En dehors des Etats, les banques s’intéressent aussi de plus en plus à ce modèle de financement. Le 16 mai 2019, la Banque de l’habitat du Sénégal (BHS) a lancé ses premiers Diaspora Bonds, devenant ainsi la première banque en Afrique de l’Ouest à tenter cette expérience. Sa cible: la diaspora sénégalaise qui transfère chaque année plus de 2,5 milliards de dollars, selon la Banque mondiale. Elle leur proposait l’achat de titre d’une valeur de 10.000 FCFA, pendant cinq ans, avec un taux de rendement de 6,25%.

Une offre qui a visiblement séduit bon nombre d’entre eux, puisque la banque a pu lever un montant global de 22,780 milliards de FCFA (plus de 32 millions d’euros) d’immigrés résidant dans 26 pays, soit plus que son objectif initial de 20 milliards de FCFA.

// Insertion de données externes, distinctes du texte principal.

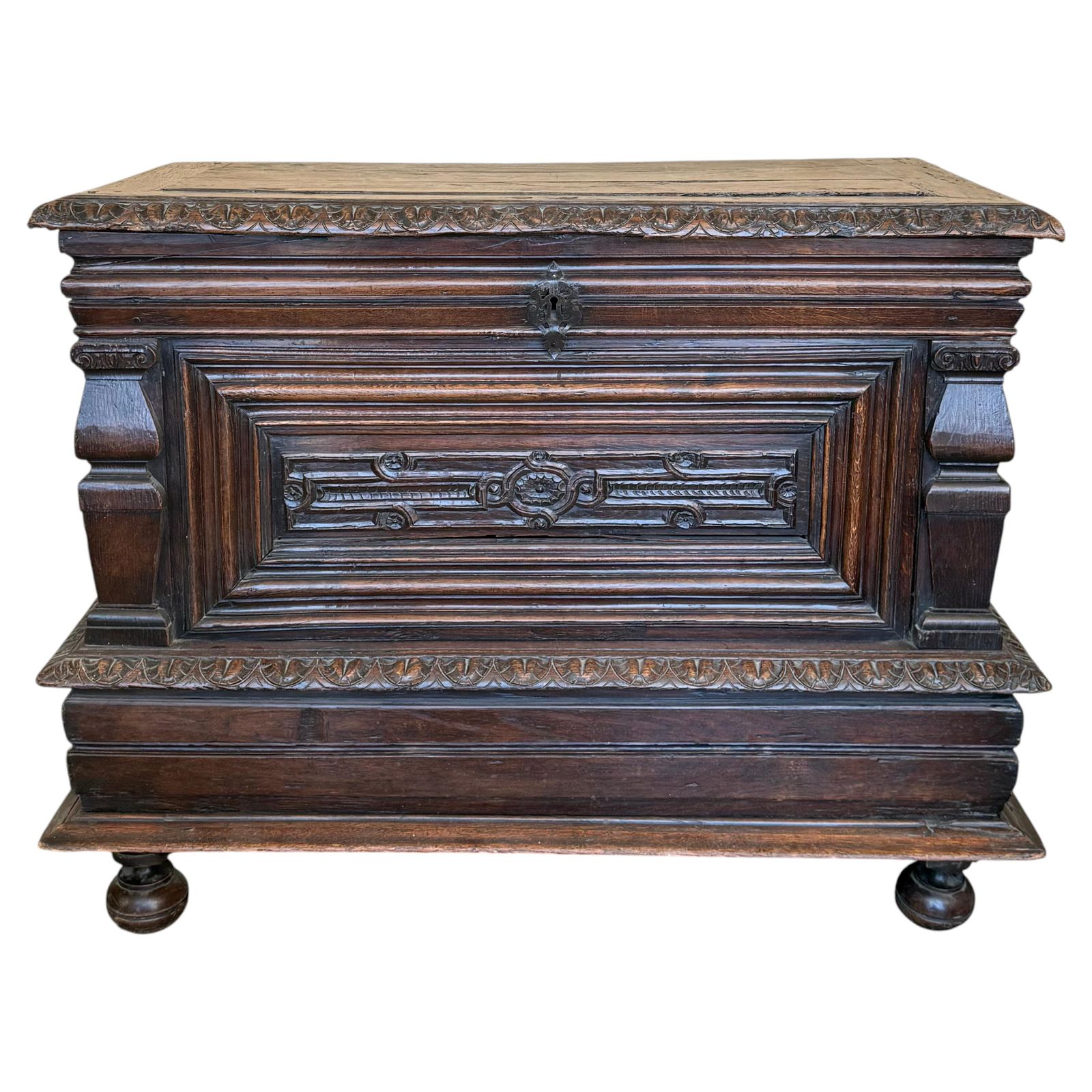 18th Century Spanish Baroque Hand Carved Chest Trunk Or Console Table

«Les obligations «Diaspora Bonds BHS 6,25% 2019-2024» combinent à la fois la réforme des garanties (émission sur la base de la notation), les incitations fiscales (émissions défiscalisées par l’Etat sénégalais) et la liquidité (titres cotés à la BRVM)», avait déclaré Edoh Kossi Amenounvé DG de la Bourse régionale des valeurs mobilières (BRVM), lors de la cotation de ces Diaspora Bonds, le 3 décembre 2019 à Dakar. Selon la BHS, ces fonds lui permettront de poursuivre ses projets de commercialisation de logements et de financer des investissements au Sénégal. Cet argent servira aussi à financer des promoteurs immobiliers et des projets immobiliers de ses clients.

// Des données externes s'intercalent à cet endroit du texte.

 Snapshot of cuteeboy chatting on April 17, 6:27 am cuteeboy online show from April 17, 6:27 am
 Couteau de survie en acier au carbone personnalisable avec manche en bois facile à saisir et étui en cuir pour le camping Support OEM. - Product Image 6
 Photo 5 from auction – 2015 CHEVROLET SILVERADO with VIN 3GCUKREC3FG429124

D’après plusieurs experts africains de la finance, au-delà de leur impact économique, les diaspora bonds permettront aux Etats africains de mieux cartographier leur diaspora et d’avoir une meilleure visibilité sur leur puissance financière. Mieux, ces derniers recevront une prime de risque sur leurs investissements que celui d’un investisseur ordinaire, car ils privilégieront le patriotisme économique.

Lors d’un forum intitulé «Développement sans frontières: Mobiliser la diaspora africaine pour une croissance inclusive et un développement durable en Afrique» organisé par la BAD le 1er décembre 2022 à Abidjan, Akinwumi Adesina, président de la BAD, avait invité les Etats africains à s’intéresser à l’épargne de leur diaspora qui compte 160 millions de personnes. «Parce que le flux de transferts de fonds vers l’Afrique est élevé, en hausse et stable, il offre d’énormes possibilités pour servir de garantie et assurer le financement des économies africaines. Les pays africains devraient titriser les transferts de fonds pour stimuler les investissements, notamment en matière d’infrastructures sur le continent», avait-il suggéré.

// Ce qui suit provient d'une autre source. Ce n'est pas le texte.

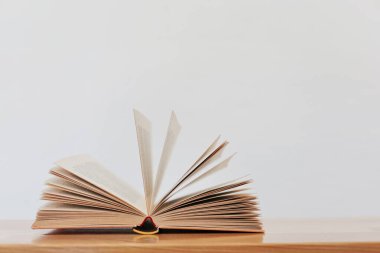 Beyaz tahta masa, açık kitap, yüksek kaliteli kitaplar, eğitim, okul, kütüphane, raftaki kitaplar.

Au niveau mondial, Israël et l’Inde sont deux cas d’école dans le domaine des diasporas bonds. Tel-Aviv est considérée comme la pionnière dans le monde, après sa première levée de fonds de 32 milliards de dollars en 1951. Selon la Banque mondiale, la dette «diaspora» d’Israël représentait plus de 30% de l’encours total de la dette extérieure du pays en 2005. L’Inde, pour sa part, a pu emprunter 11 milliards de dollars auprès de sa diaspora, lors des souscriptions effectuées en 1991, 1998, et 2000. Une somme qui était destinée à rééquilibrer sa balance des paiements après les sanctions internationales suite à ses essais nucléaires.

Encourager la diaspora à investir c’est bien, mais faudrait-il encore leur garantir un environnement économiquement stable, à l’abri de risques monétaires qui peuvent compromettre leurs investissements.